POLICE have apologised after arresting and imprisoning a youth worker during a dispute over stop and search.

Ken Hinds, of Church Street, Edmonton, who runs youth project Ruff Diamonds, has been awarded £22,000 in an out of court settlement as a result of his High Court action against the British Transport Police.

Mr Hinds, 50, who sits on the Met’s Black Independent Advisory Committee and is chairman of the monitoring group for stop and search in Haringey, brought the claim for false imprisonment and malicious prosecution after being unsatisfied with the progress of his complaint with the BTP. He was also upset that the case had not been referred to the Independent Police Complaints Commission.

He was arrested when he stopped to observe a group of police officers from a distance who were searching a black youth.

Mr Hinds said: “I was concerned about him, he looked frightened." He added that the police then used offensive language towards him, to which he replied: "I know my rights."
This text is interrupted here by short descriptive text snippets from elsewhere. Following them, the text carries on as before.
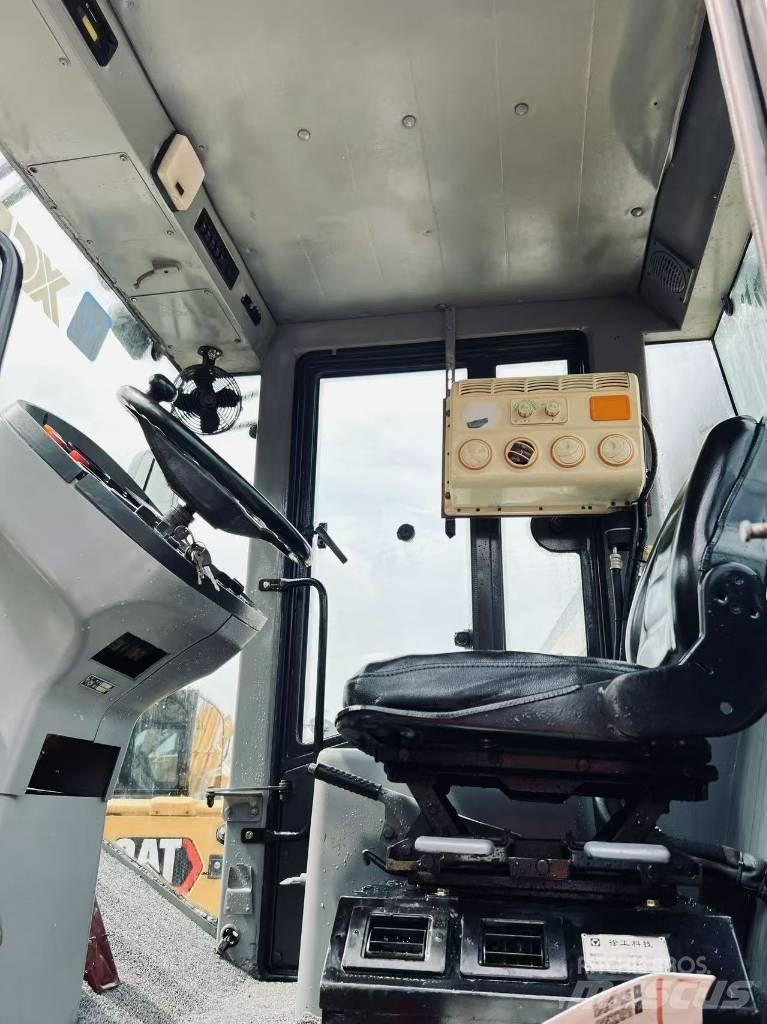 XCMG XS 223 J Compactoare monocilindrice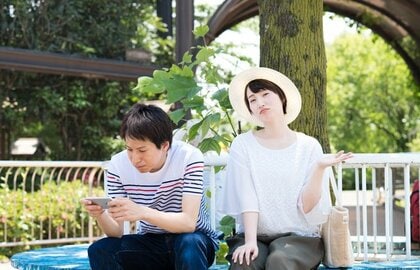 約9割の独身男女が「デート中にスマホ見る」…嫌な気持ちになるのは3割　男女比較でも特徴があった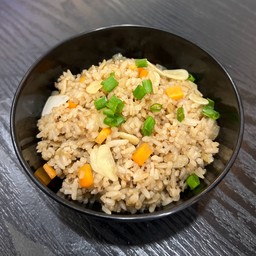 ข้าวผัดกระเทียม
He added: “One of the officers said to his friend, I’m going to nick him. They put me in tight handcuffs, it was very painful.”

The officers put him in a police van before taking him to Wood Green Police Station and holding him for four hours, before charging him with threatening and abusive behaviour under Section 5 of the Public Order Act.

In witness statements the officers claimed it was Mr Hinds who had become abusive and threatening when they asked him to move on. They said it was he who used offensive language towards them.

However the Section 5 charge was dropped after magistrates raised questions about “identical” words in the two officers’ statements and the bench decided one of the PCs was “not a credible witness”.

Mr Hinds said what upset him most about the experience was that his son, then 12, was left scared and waiting for him for an hour-and-a-half when he went to meet him at the station.

“I asked the policemen if he could say to him to go home, because he was waiting for me and they said they would."

However, Mr Hinds said his son was not informed. “I had four distressing calls from him on my phone,” he said.

In settling, the BTP did not admit liability in the case but did apologise to Mr Hinds.

The judgement read: “The British Transport regrets the circumstances in which Kenneth Hinds was asked to move away from officers conducting a stop and search of a young black male at Seven Sisters Underground Station on 28 May 2004 and wishes to apologise for this."

Mr Hinds said he had nothing wrong and would have been content with an apology after the incident.

He said: “I feel like I’ve been exonerated. I believe they’ve got a bloody nose and it’s hit them where it matters - in the pocket.

"But it’s been a long time coming, and I’m glad I can now put it behind me.”

“I’m hopeful that something good will come from this, but I fear they haven’t really learnt anything. Five years on and they didn’t show any more consideration.”

He added: “The police have got a difficult job and they can make mistakes, but they shouldn't then try and cover it up.”